I piddle around with Aduinos but I wouldn’t try to use one for a DCC ammeter. The Rob Paisley circuit fills the bill quite well.
http://www.circuitous.ca/DCCammeter10.html
With it all you need is regular DC meter. I have a digital meter on my control panel connected to a Paisley board.
The digital LCD meter on the right on the left side of the panel measures DCC current switchable 0-2 amps and 0-4 amps.
Because of the micro chips I would advise purchasing the board from Rob with the micro chips installed. At 80 I couldn’t hold my soldering iron steady enough to install the ZXTC1009 micro chips, well worth the $8 (US) with the pin head size chips soldered on the circuit board.

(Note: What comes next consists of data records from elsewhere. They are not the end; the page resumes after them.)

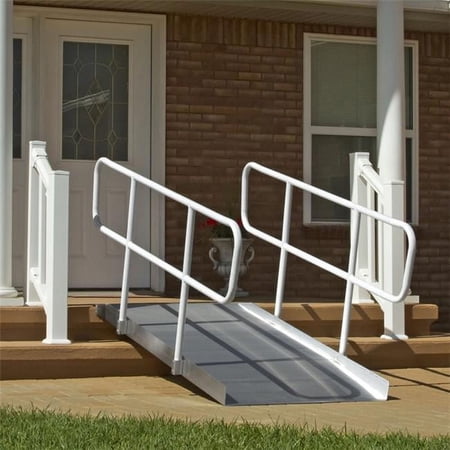 Prairie View Industries 8-ft x 36-in Solid with Handrails Wheelchair Ramp 850 lb. Weight Capacity Maximum 16-in Rise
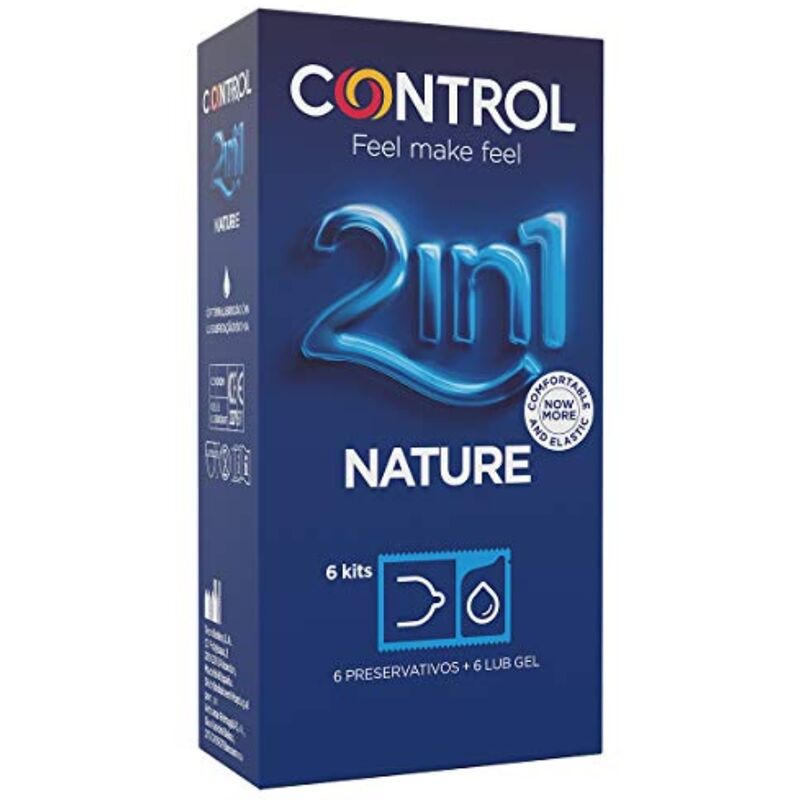 Preservativos Control Duo Natura 2 In 1 + Gel 6 Uds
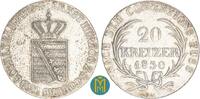 Sachsen-Coburg-Gotha 20 Kreuzer 1830 EK Ernst I. 1806-1844. Gotha / F. Helfricht. TTB-SUP, winz. Kratzer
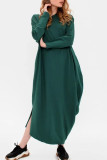 Casual Living Solid Pocket O Neck Irregular Dress Dresses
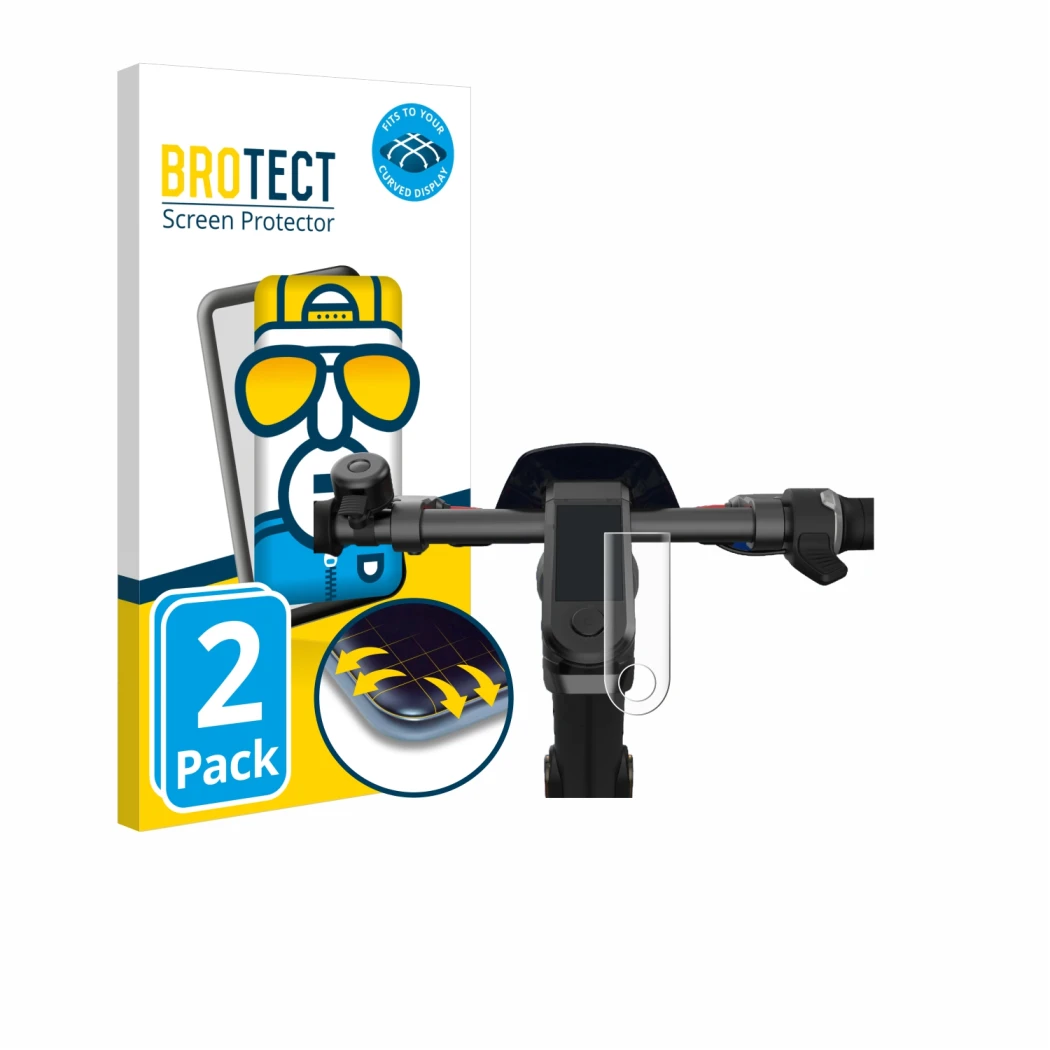 Parte frontale di una confezione del prodotto con il logo del marchio BROTECT. Accanto è raffigurato il dispositivo NIU KQi3 P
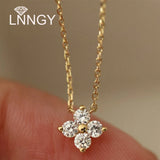 925 Silver Chain Necklace with Moissanite Four-leaf Flower Pendant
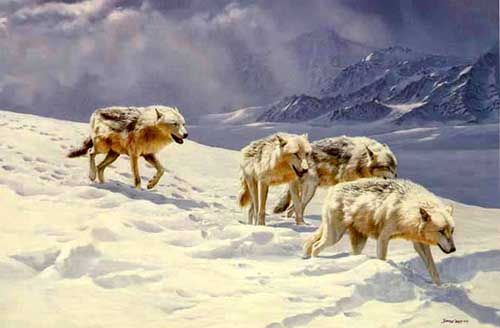 Painting Code#5579-Wolves Running in Winter Landscape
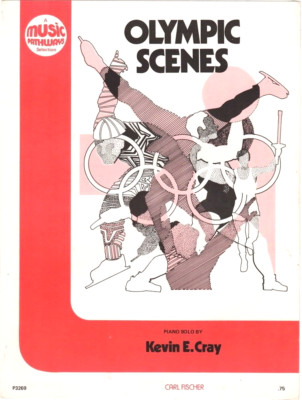 Olympic Scenes Piano Solo, for beginners 1978 vintage sheet music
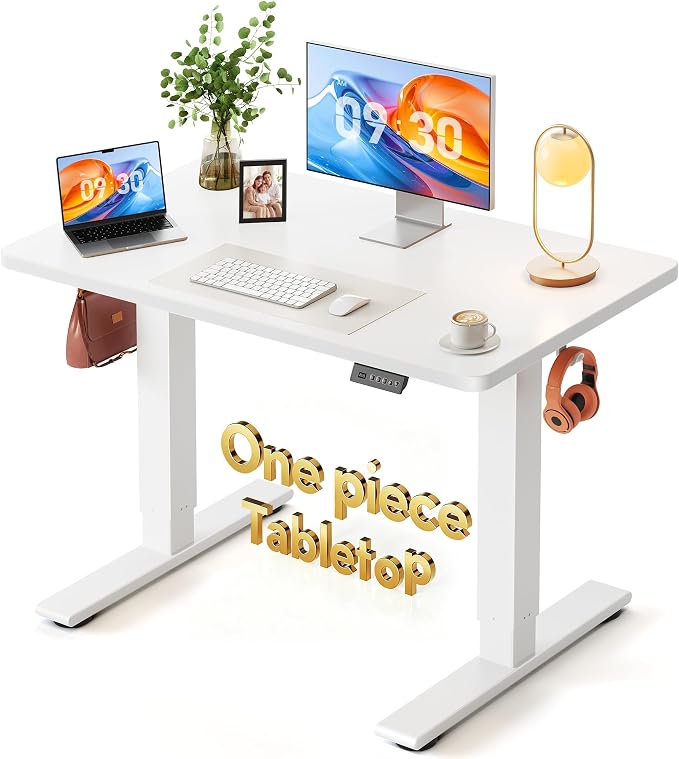 FEZIBO One-Piece Standing Desk, 40"x24" Seamless Tabletop Electric Height Adjustable for Home Office, Study Rooms & Multi-Device Workstations, White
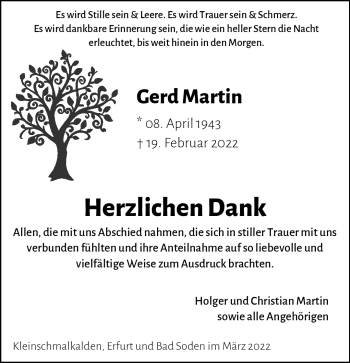 Traueranzeige von Gerd Martin von Südthüringer Presse
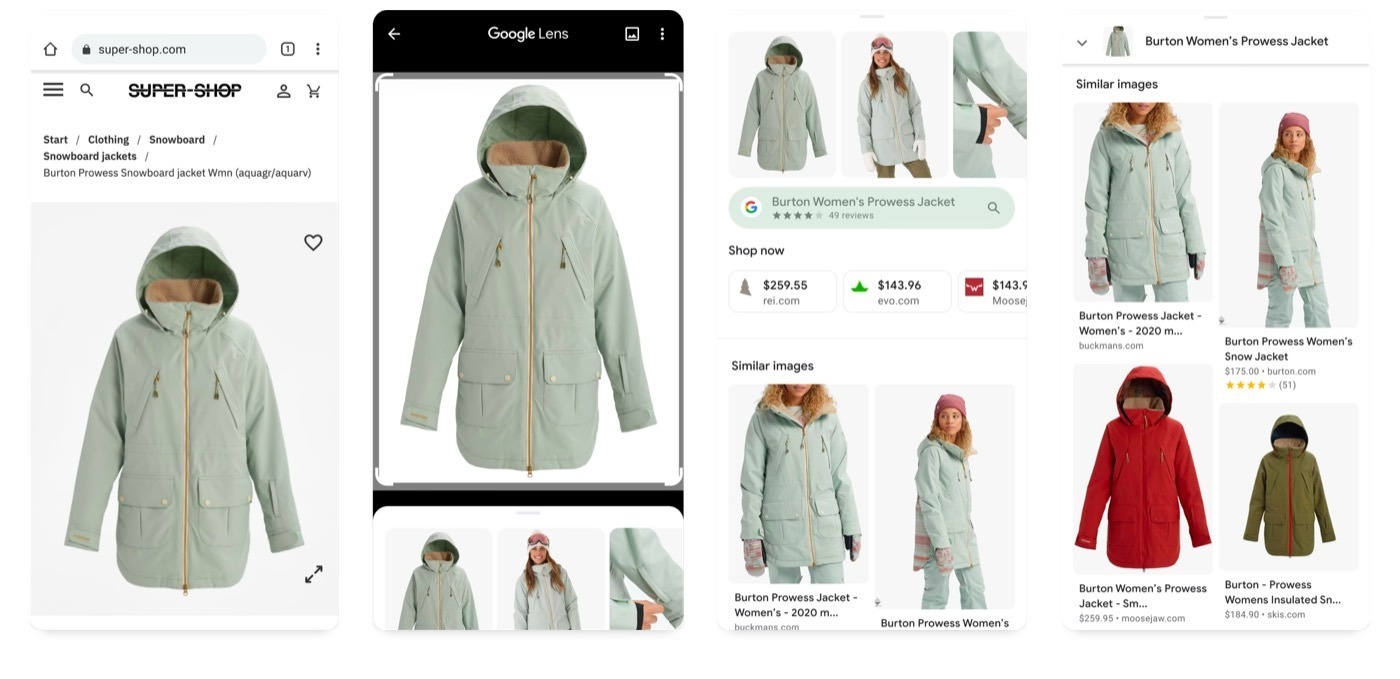Visual shopping was a key feature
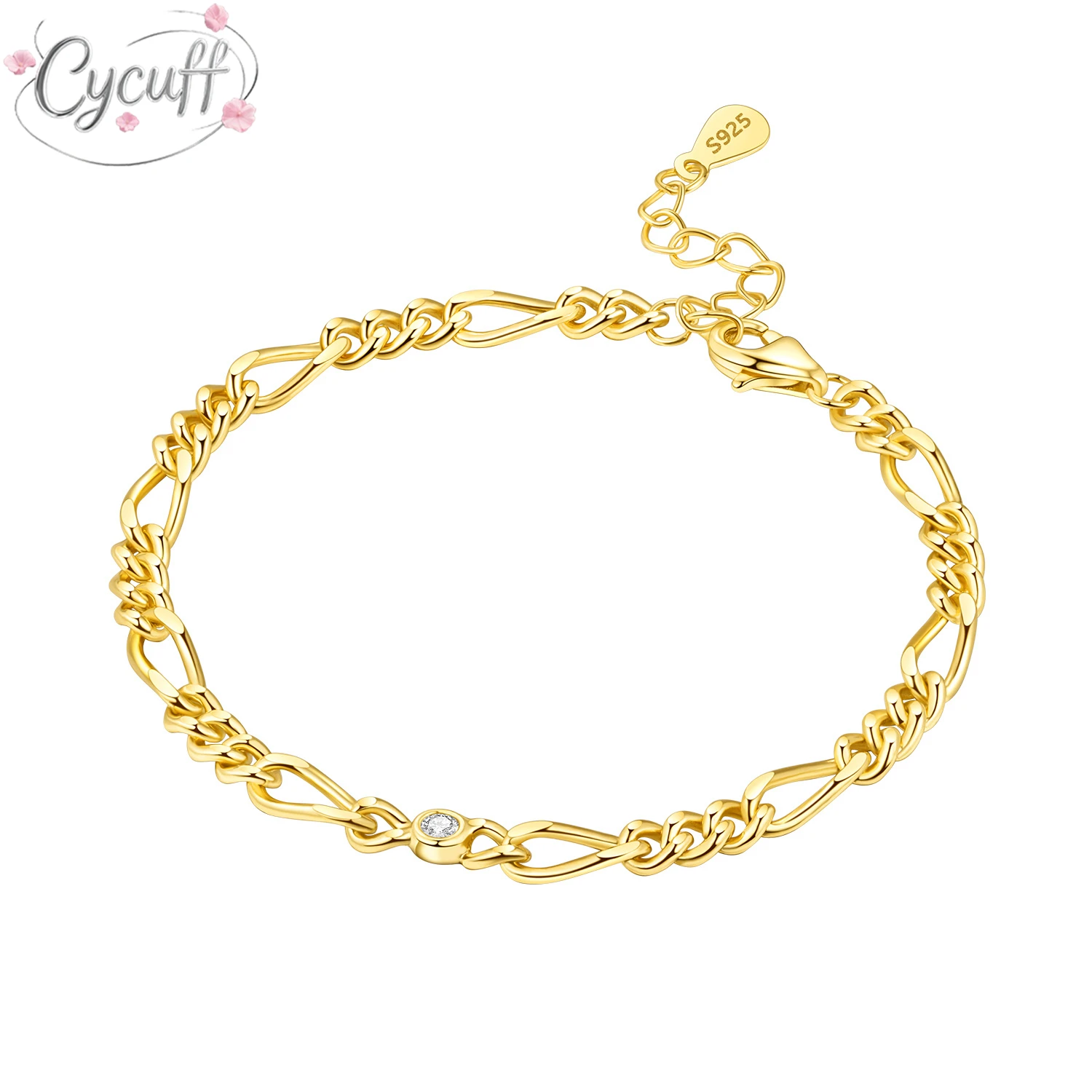 

925 Sterling Silver Inlaid Zircon I8K Gold Chain Bracelet Luxury Fine Jewelry for Women 2026 New Design Wedding Party DIY Gift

There’s little point to using an Arduino in this case. While you could take the millivolt output of Rob’s circuit and run it through a precision resistor and measure with the analog input on an Arduino, just hooking one of those small LED panel meters to it is probbaly more accurate. There;s nothing like a microcontroller in the RRAMPmeter either, just a similar current detector and a compensated voltmeter. The one little LED voltmeter I got on eBay has a trimmer to adjust it, so you could apply the high speed diode bridge to the input and then adjust it to compensate for the diode drops and bingo, DCC voltmeter. You would need a way to calibrate regardless - and about the best way to do that is with an oscilloscope.